In sci.physics Fred J. McCall wrote:
wrote:

Have you ever responded with anything other than bile and name calling
to posts you don't agree with?


Yes, I have. For example, I've posted links to research and resources
that explode most of your claims. Do you ever read them? You only
get "bile and name calling" when you act like a lying dishonest dick.
Of course, you do that a lot, so that might be why you get slapped
around so often.


OK, so you mix your bile and name calling with off topic links about
research stations when the topic is colonies.


How about YOUR outline to colonize Mars, what it would cost, and how it
would be financed.


The world hardly needs my outline. Several different groups have put
together workable plans. See the Mars Reference Mission from NASA, or
Zubrin's "Mars Direct", or any of a number of others. Why don't you
go through those and explain why all the experts are wrong and you're
right?


None of the things you reference talk about a colony on Mars, they
talk about research stations.

A colony, other than a penal colony, has families raising kids.

The big driver on cost for most of them is launch costs and those are
dropping pretty damned quickly these days. Yes, a large, fully
independent colony on Mars will take a long time.

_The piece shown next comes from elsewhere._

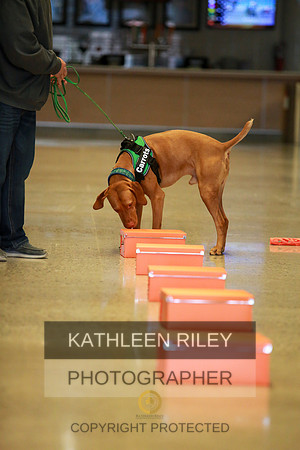2022-KathleenRileyPhotography-7593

But then, such
colonies have always taken a long time here on Earth, too.


Nope, most all successful colonies were survivable without outside resupply
in a time frame measured in months, i.e. how long it took to erect basic
shelter, find water, and get the crops planted.

The big driver on cost in getting to Mars is the cost per pound of getting
stuff off the Earth, to Mars, and landing it softly on Mars.

And to establish a colony, not just a research station, takes so many
pounds of stuff just to survive on Mars, it just isn't going to happen ever
without astounding new technology.


--
Jim Pennino
  #54  
Old April 7th 16, 11:24 AM posted to rec.arts.sf.science,sci.astro,sci.physics,sci.space.policy
Jeff Findley[_6_]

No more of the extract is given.